WHAT YOU SHOULD DO:
Keep the images out while you set down the data exactly.

DATASET EXCERPT:
^^^^

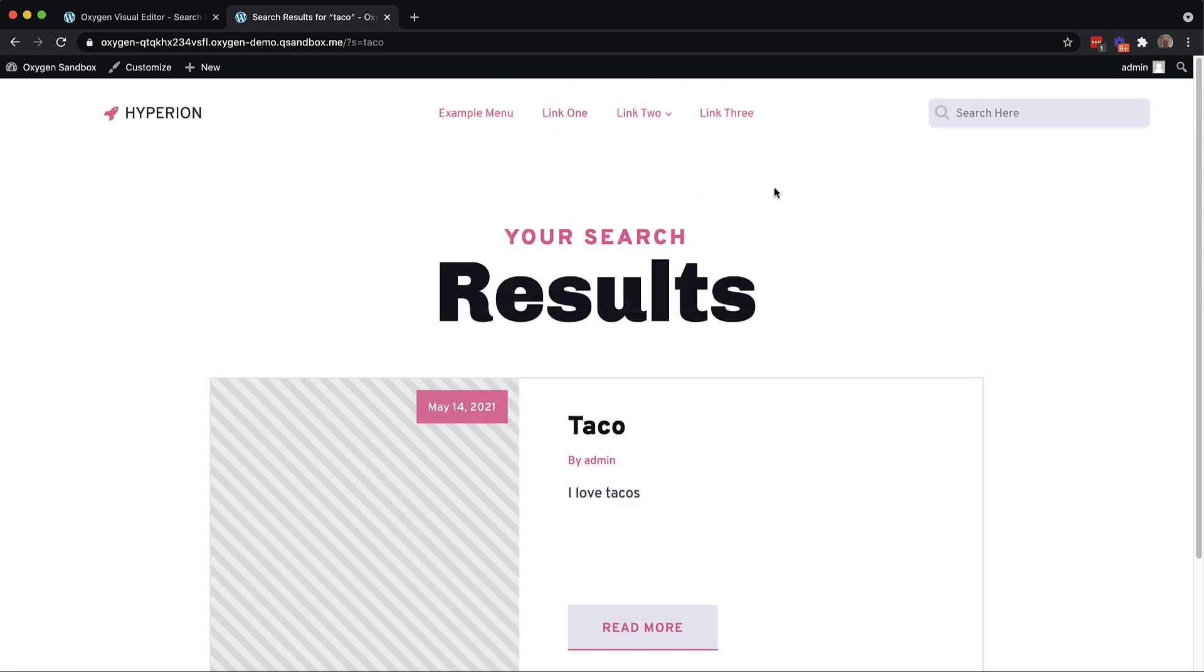Again, this is Elijah with the Oxygen team, and that's how to set up a search modal on your Oxygen website that's triggered by an imitation search box. Thank you very much for watching.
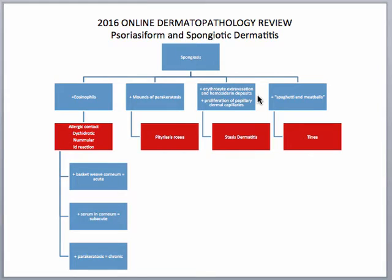If you see erythrocyte extravasation and hemosiderin deposits within the dermis, as well as a proliferation of papillary dermal capillaries, you would want to think of stasis dermatitis. And if you're seeing a spongiotic pattern without these other clues, take a really good look at the stratum corneum, and if you see what we call spaghetti and meatballs, or fungus that is sitting in the stratum corneum, that would be indicative of tinea.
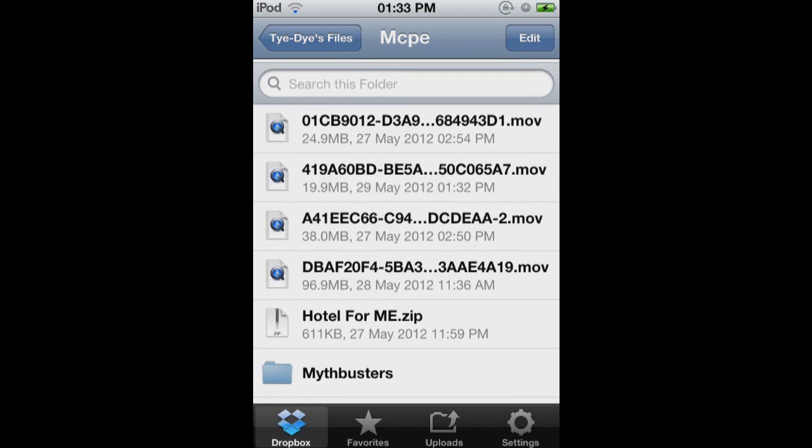So then, what you'd do is then you'd go onto your PC and you'd download it straight from there. So that's just an easy way of putting it onto your PC.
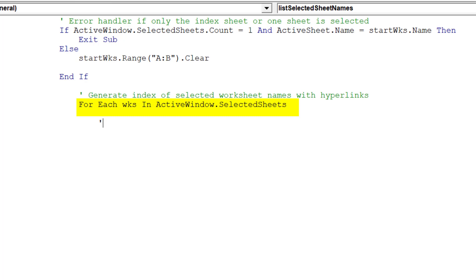This line of highlighted code is critical in order to reference solely the selected worksheets in the active workbook.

^^^^

RESPONSE TO THIS EXERCISE:
Again, this is Elijah with the Oxygen team, and that's how to set up a search modal on your Oxygen website that's triggered by an imitation search box. Thank you very much for watching.
If you see erythrocyte extravasation and hemosiderin deposits within the dermis, as well as a proliferation of papillary dermal capillaries, you would want to think of stasis dermatitis. And if you're seeing a spongiotic pattern without these other clues, take a really good look at the stratum corneum, and if you see what we call spaghetti and meatballs, or fungus that is sitting in the stratum corneum, that would be indicative of tinea.
So then, what you'd do is then you'd go onto your PC and you'd download it straight from there. So that's just an easy way of putting it onto your PC.
This line of highlighted code is critical in order to reference solely the selected worksheets in the active workbook.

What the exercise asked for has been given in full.